Llegué como usuario a Facebook el domingo 29 de abril de 2007 a las 23:32 horas. Por lo que, al momento, llevo casi 11 años ingresando datos en esa red social.
Anoche pedí una copia de todo lo que he escrito, subido, comentado y guardado allí. En total, un poco menos de 45 Mb. Incluye lo obvio y un par de sorpresas: la guía de teléfonos de mi celular, completa (probablemente, del tiempo en que tuve instalada la app en el teléfono) y un listado de 200 empresas a las que la red ya le entregó mis datos.
Es decir, aunque los niveles de privacidad lo tengo en los máximos posibles, mi información o lo que publiqué allí, ya fue compartida.
Todo lo anterior viene a propósito de la idea que se ha esparcido en los últimos días acerca de abandonar esta red social.

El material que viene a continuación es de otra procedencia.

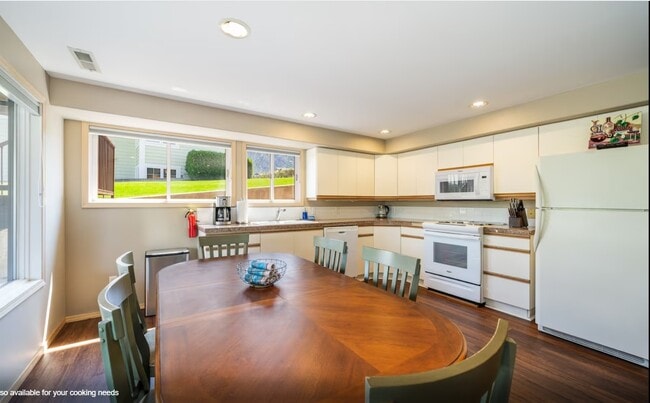Building Photo - 113 Chelan View Dr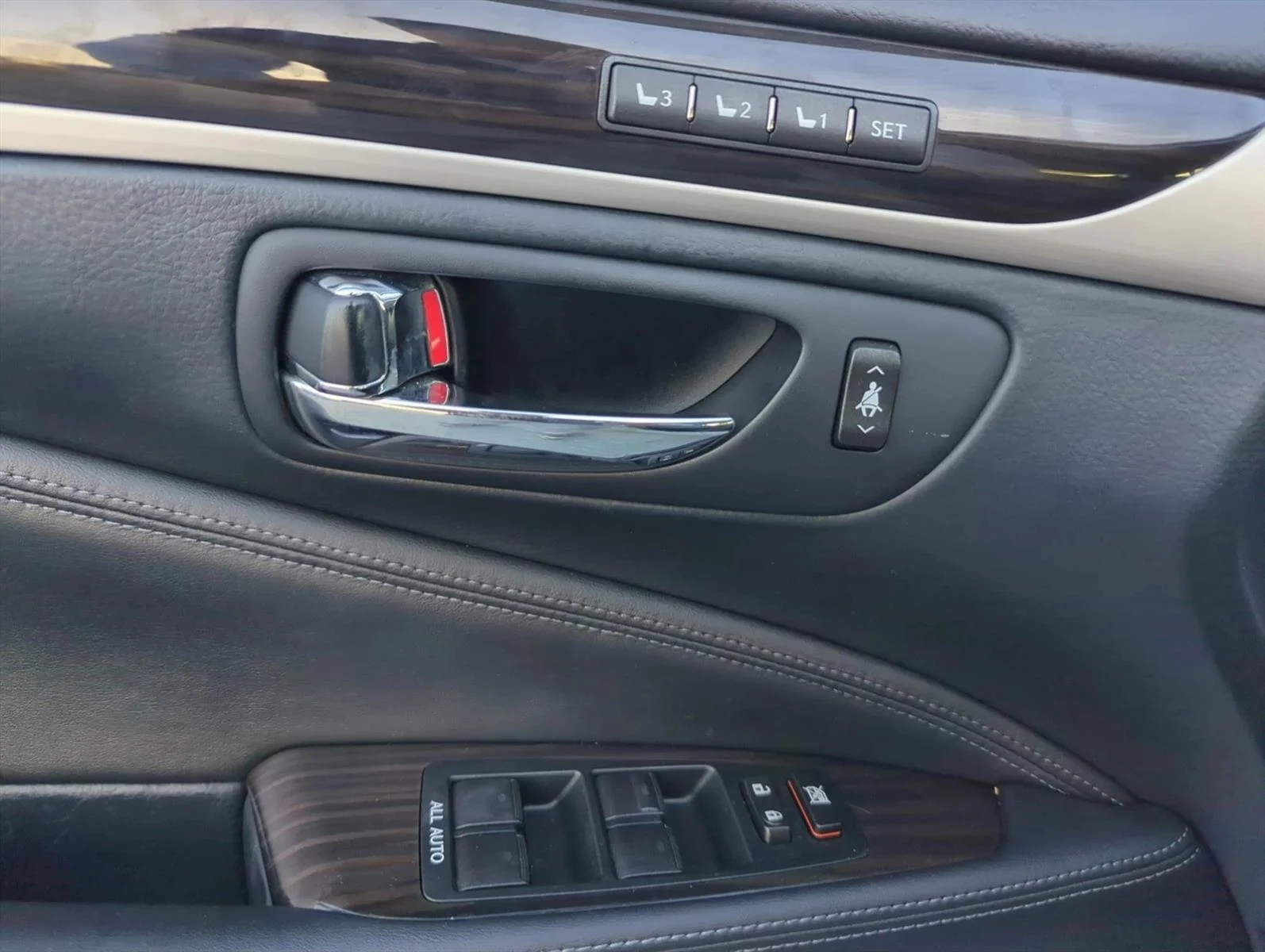 Used 2014 Liquid Platinum Lexus  image 10
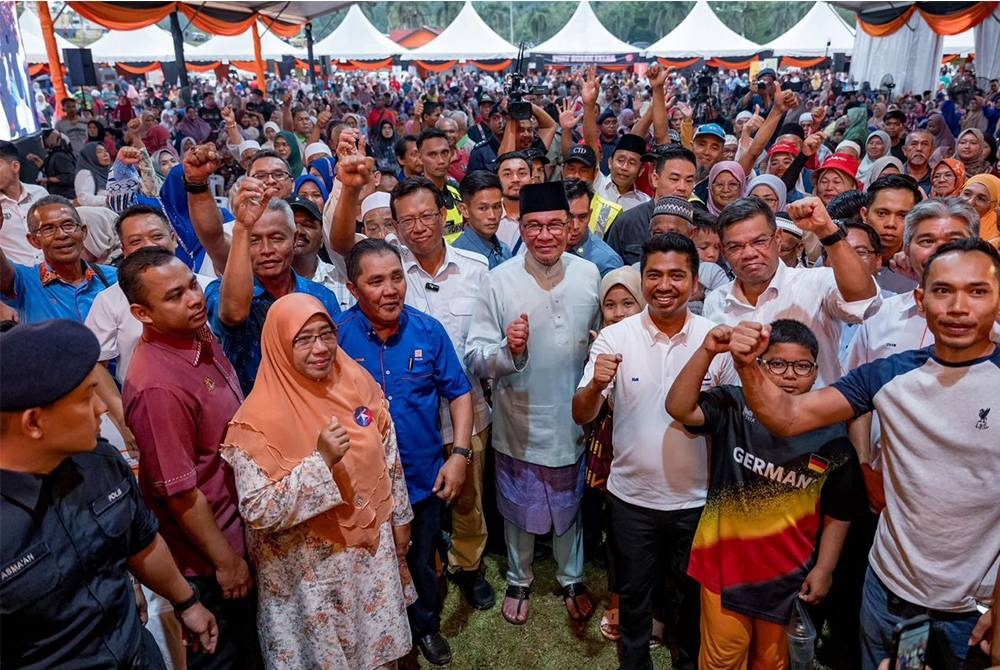 Perdana Menteri bersama penduduk semasa Karnival Segalanya Felda di Felda Teloi Timur, Sik, Kedah pada Ogos lalu.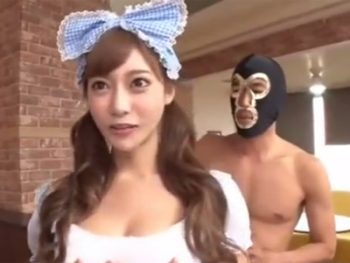 妻では満足出来ない旦那が隣人の妻を襲ってNTR中出しレイプ！巨乳人妻中出しレイプのAV無料動画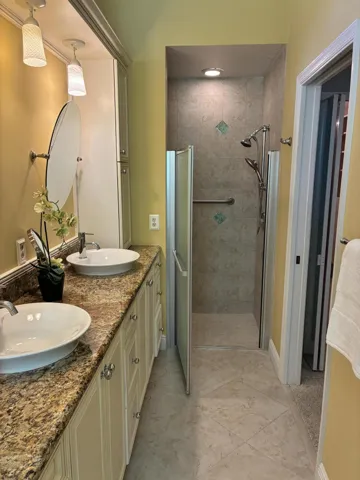 Master bath 2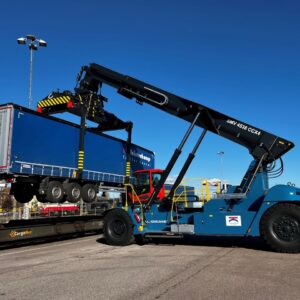 Logistics BusinessSwedish port receives Konecranes reach stacker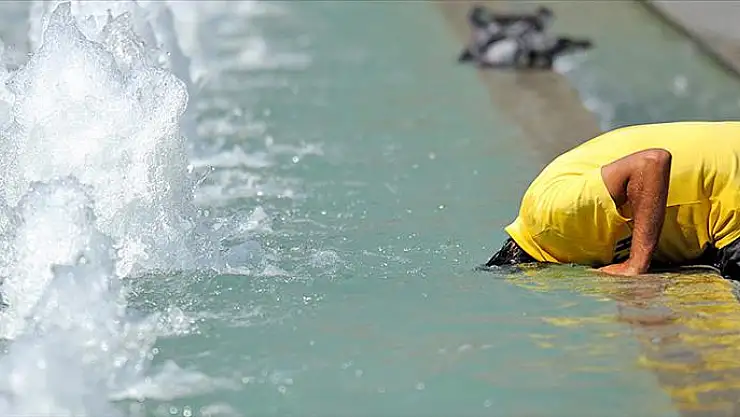 Kavurucu sıcaklarda 'Güneşte kalmayın, vücudunuzu susuz bırakmayın' uyarısı
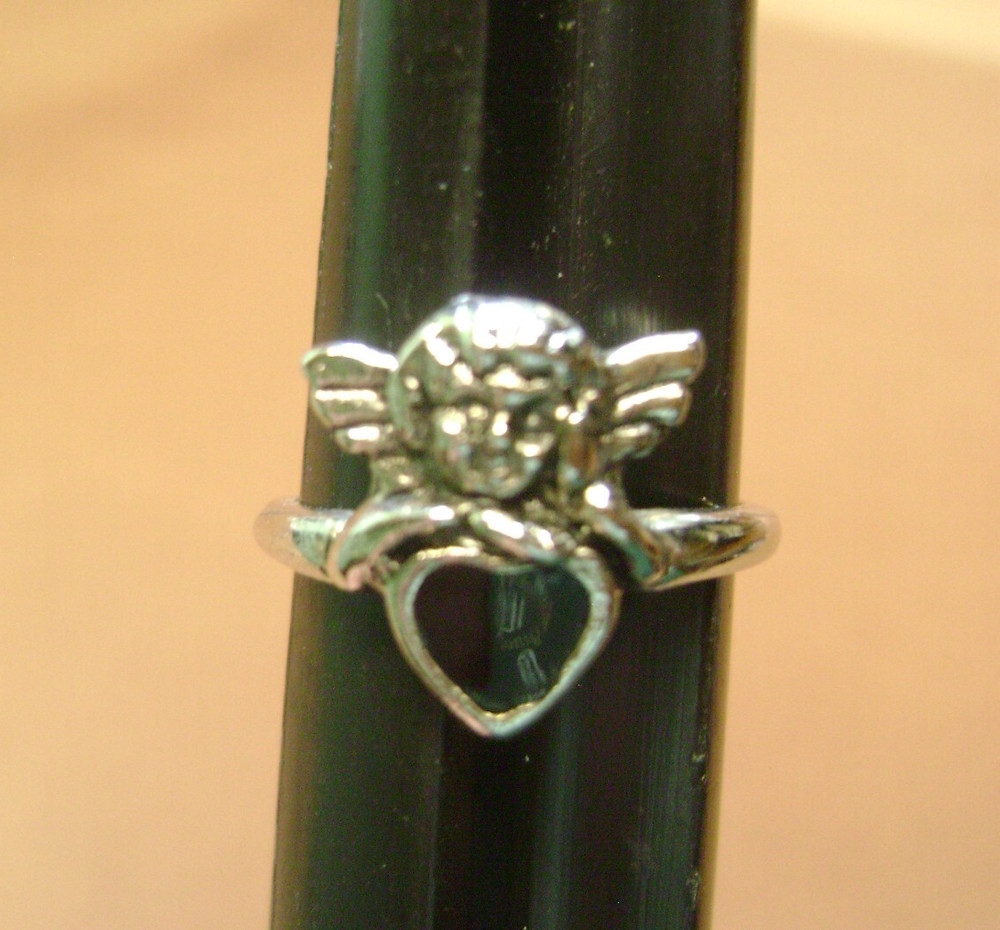 VINTAGE PRECO ANGLE BLACK ENAMEL HEART SIZE 5 SILVER TONE RING
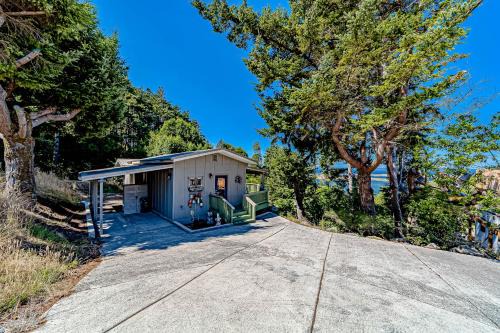 Gold Beach House | Inviting Family Retreat at The River View House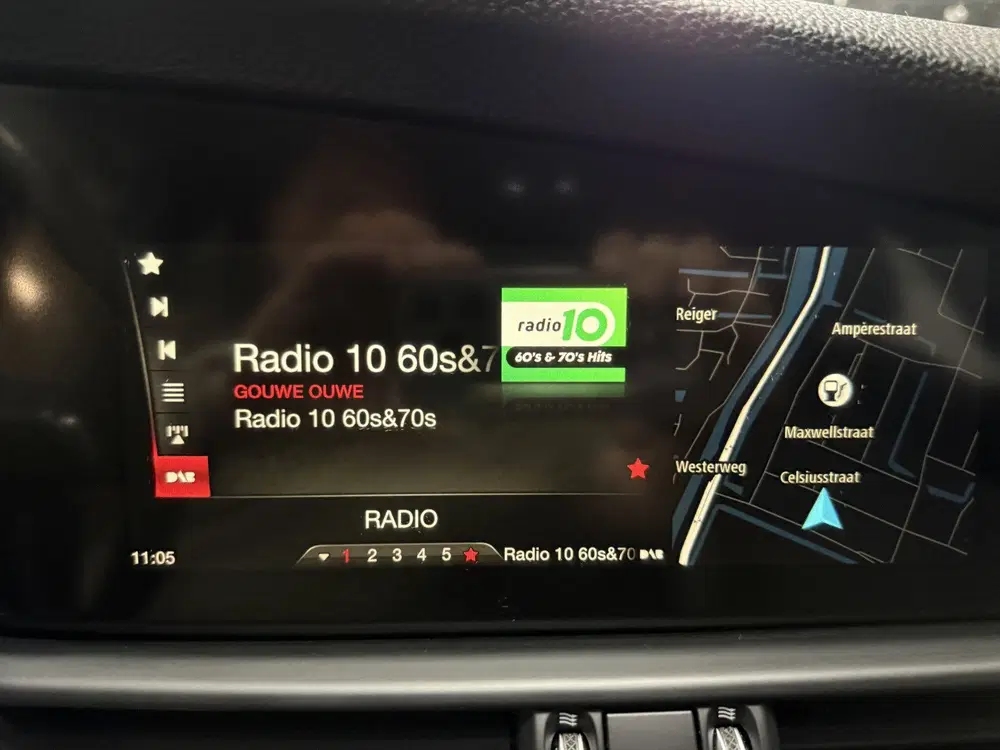 Alfa Romeo Giulia 2.0T uit 2019, foto 15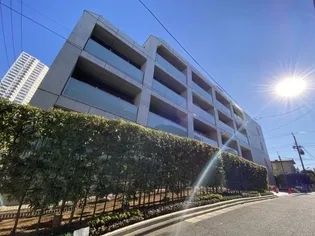 グランハイツ白金【1階】の外観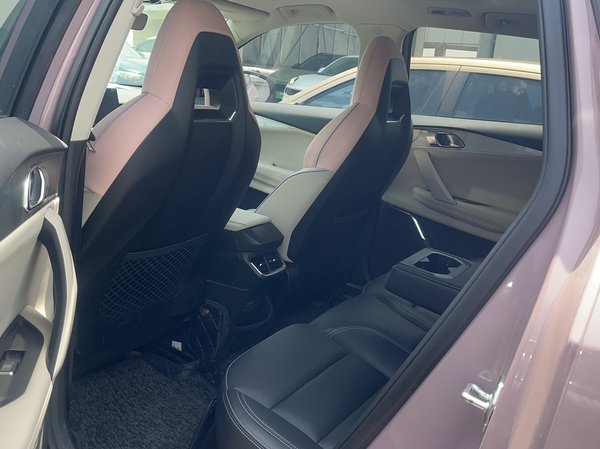 Lynk & Co 06 EP-M 2022, 41300 км, за 76000 CNY - фото 11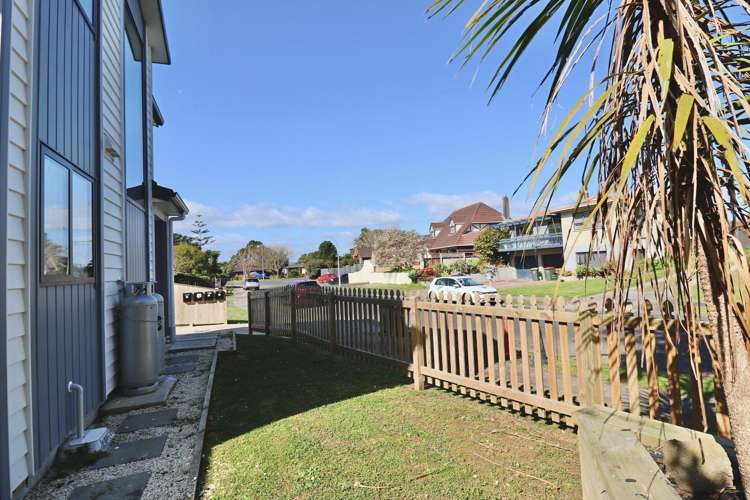 7D Pinehurst Place 1824_12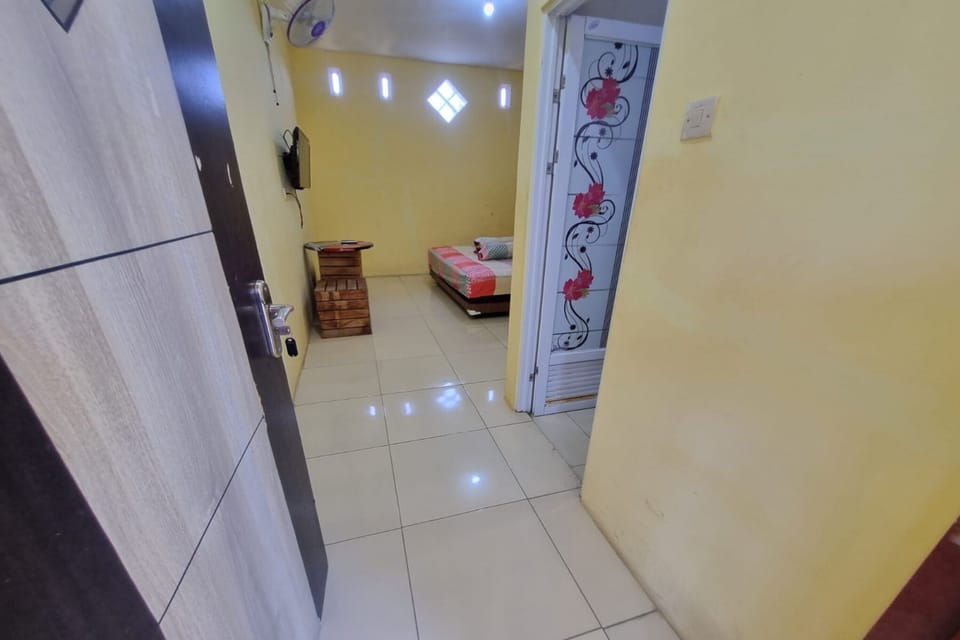 Standard Double Room | Desk, free WiFi, bed sheets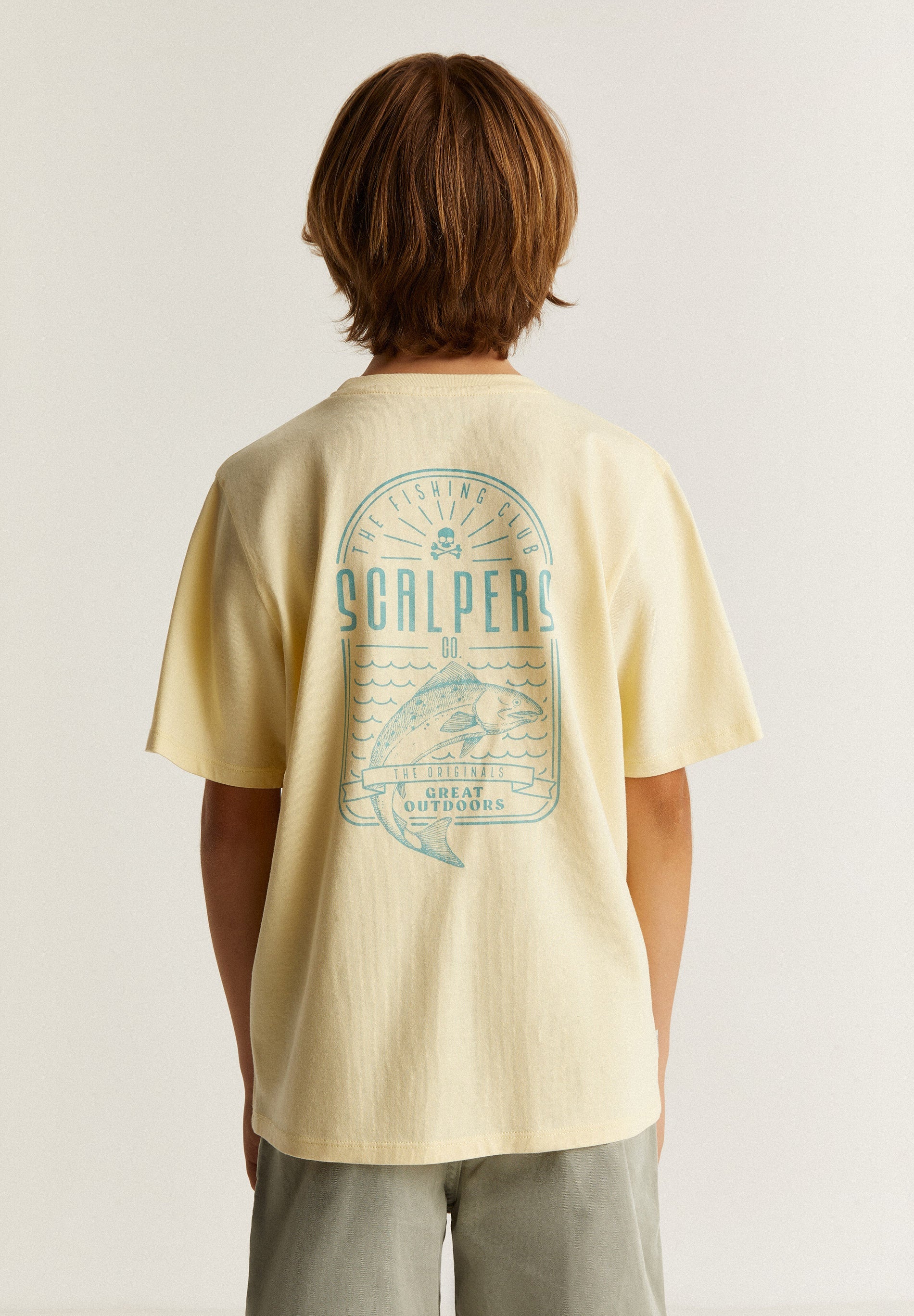 CAMISETA PRINT TRASERO CONTRASTE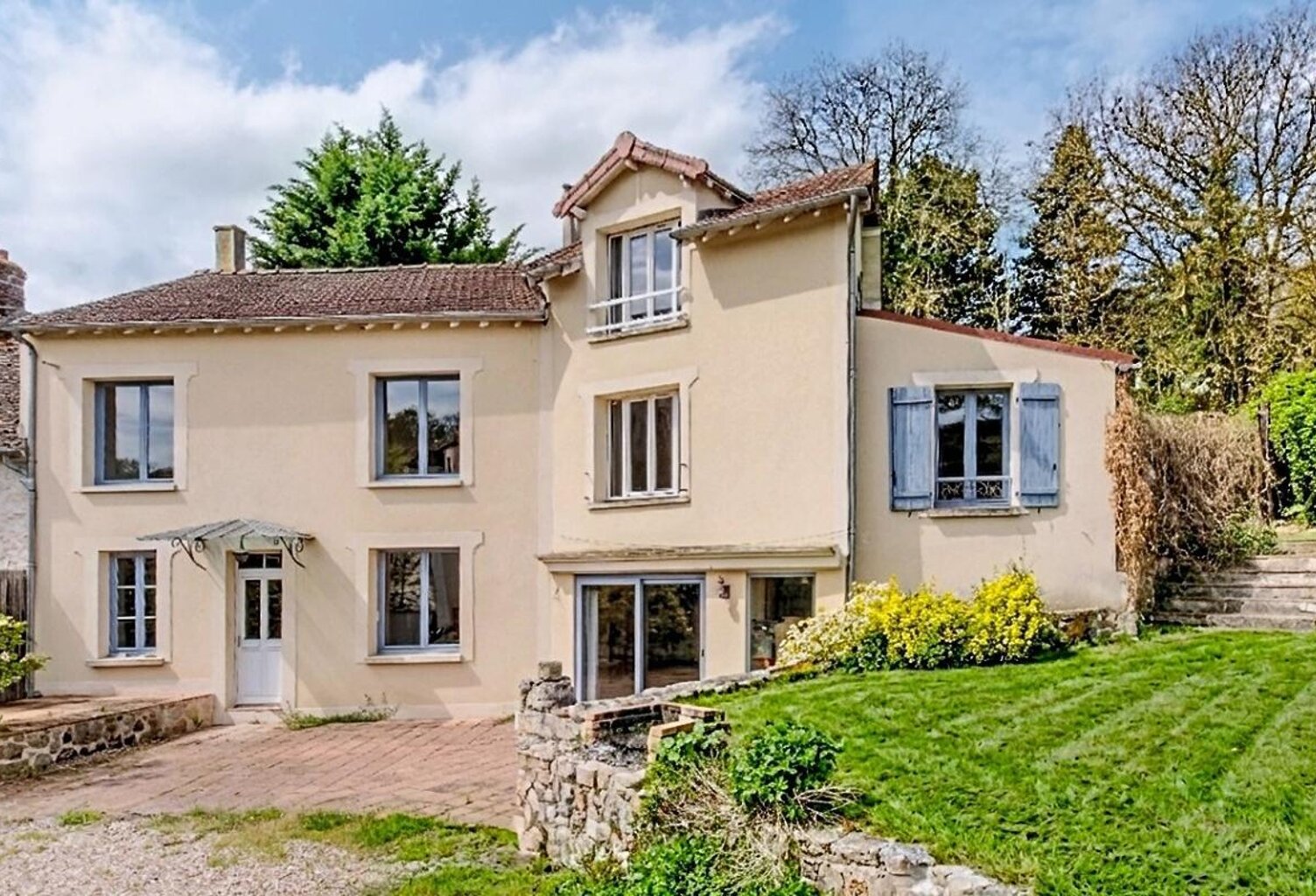 Au coeur du Vexin, une maison de caractère pleine de possibilités — photo 1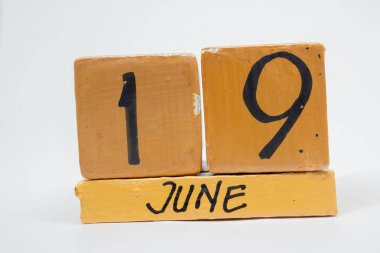Haziran 19. Ayın, beyaz arka plan üzerinde izole el yapımı ahşap takvim gün 19. yaz ay, gün yıl kavramın.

Las razones que se dan para este movimiento es su incapacidad para dar seguridad a los datos que allí se ingresan y la posibilidad cierta de que se use esa información para entregarme datos que se aprovecharán de mis debilidades (o necesidades) para ofrecerme contenidos que eventualmente me pudieran llevar a creer en algo que a alguien le interese tenerme como adepto.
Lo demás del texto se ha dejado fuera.